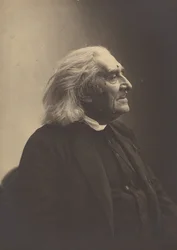 Franz Liszt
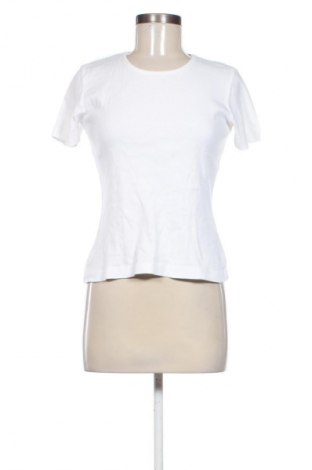 Дамска тениска Giorgio, Размер M, Цвят Бял, Цена 11,99 лв.
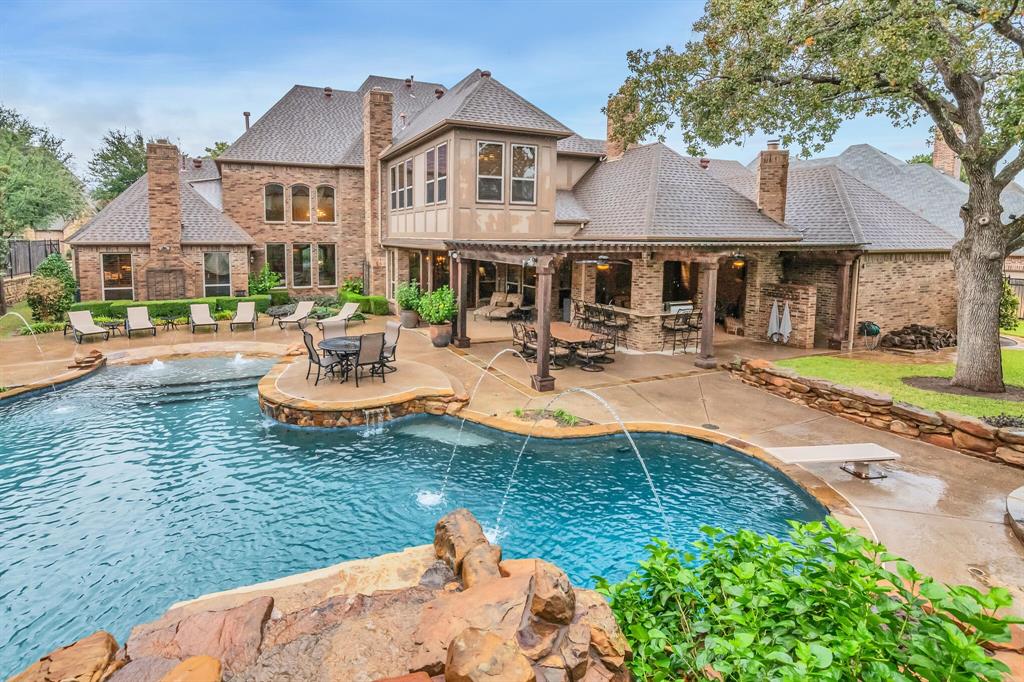 Estes Park Add - Residential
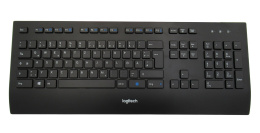 Klawiatura przewodowa Logitech K280e PRO USB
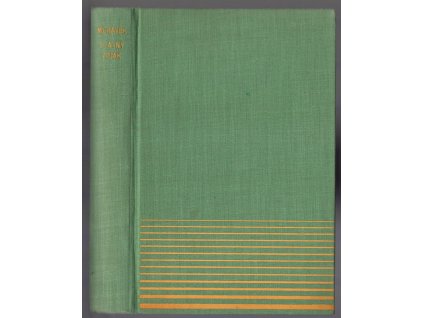 Špatný voják : román, Jan Morávek, 1936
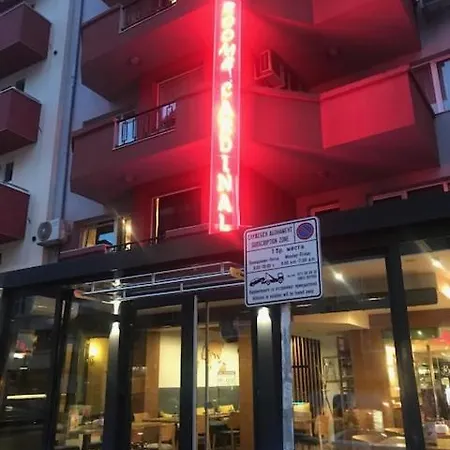 Hotel Kardinal 2*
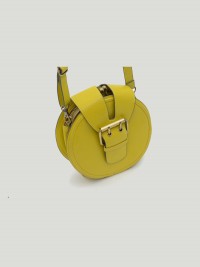 BBS e-commerce Yellow Bag A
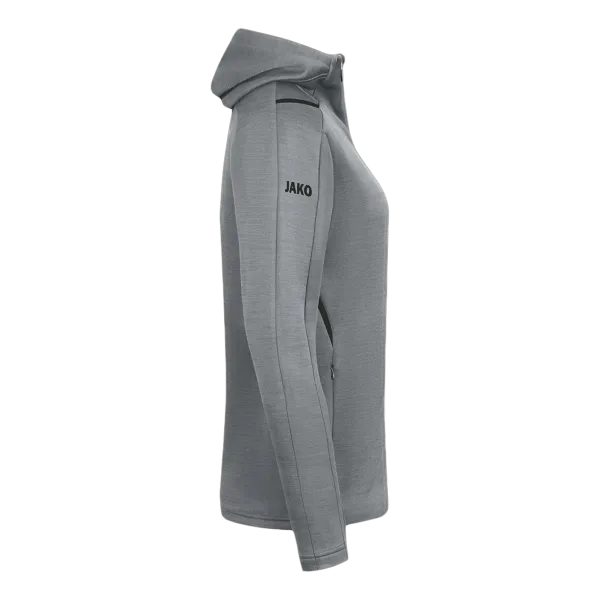 Veste à capuche Challenge Femme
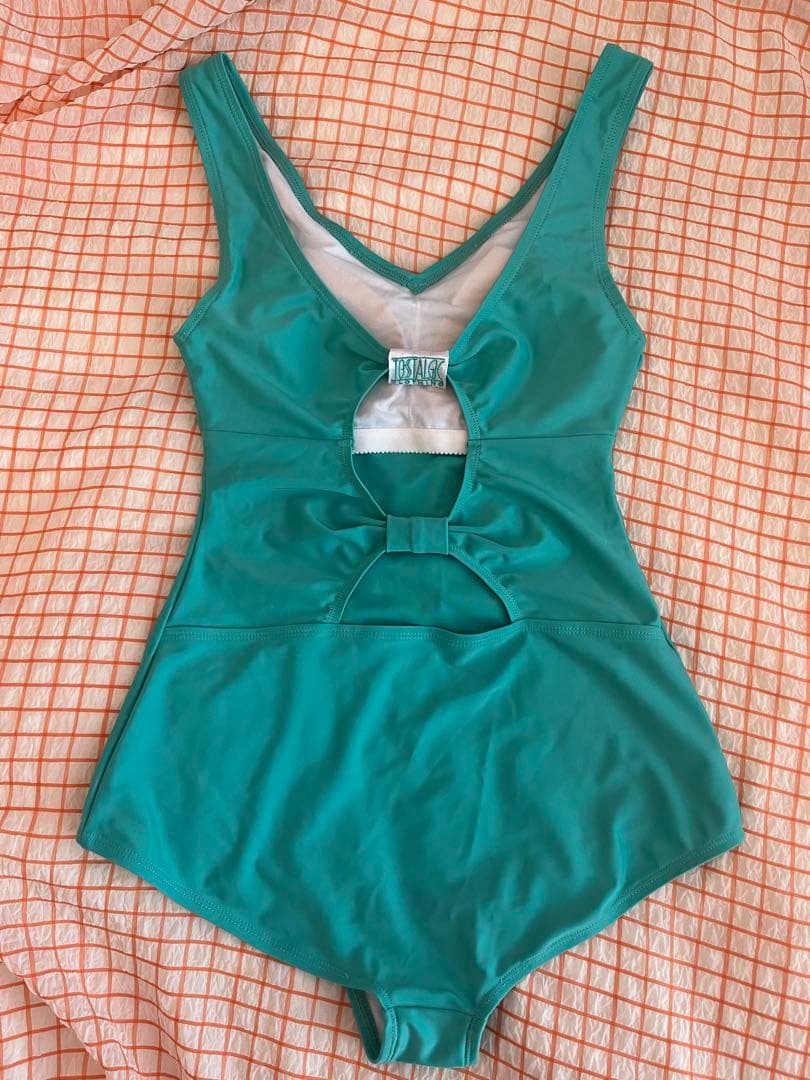 トスタルジック TOSTALGIC 水着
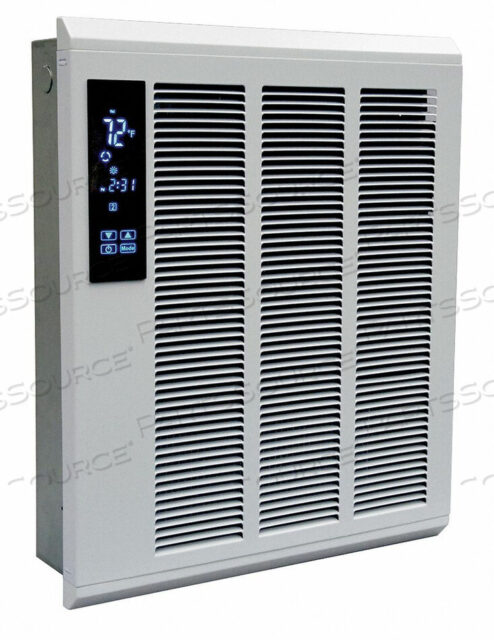 OEM#: SSHO4007LG RECSSD ELCT WL HEATR 18-3/16 H 277V от QMark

——————

WHAT YOU HAVE TO DO |
Each line from the one holding "Klawiatura przewodowa Logitech K280e PRO USB" to the end of the records above must be copied exactly; the pictures must not be copied.

TASK RESULT |
 Klawiatura przewodowa Logitech K280e PRO USB
 Špatný voják : román, Jan Morávek, 1936
 Hotel Kardinal 2*
 BBS e-commerce Yellow Bag A
 Veste à capuche Challenge Femme
 トスタルジック TOSTALGIC 水着
 OEM#: SSHO4007LG RECSSD ELCT WL HEATR 18-3/16 H 277V от QMark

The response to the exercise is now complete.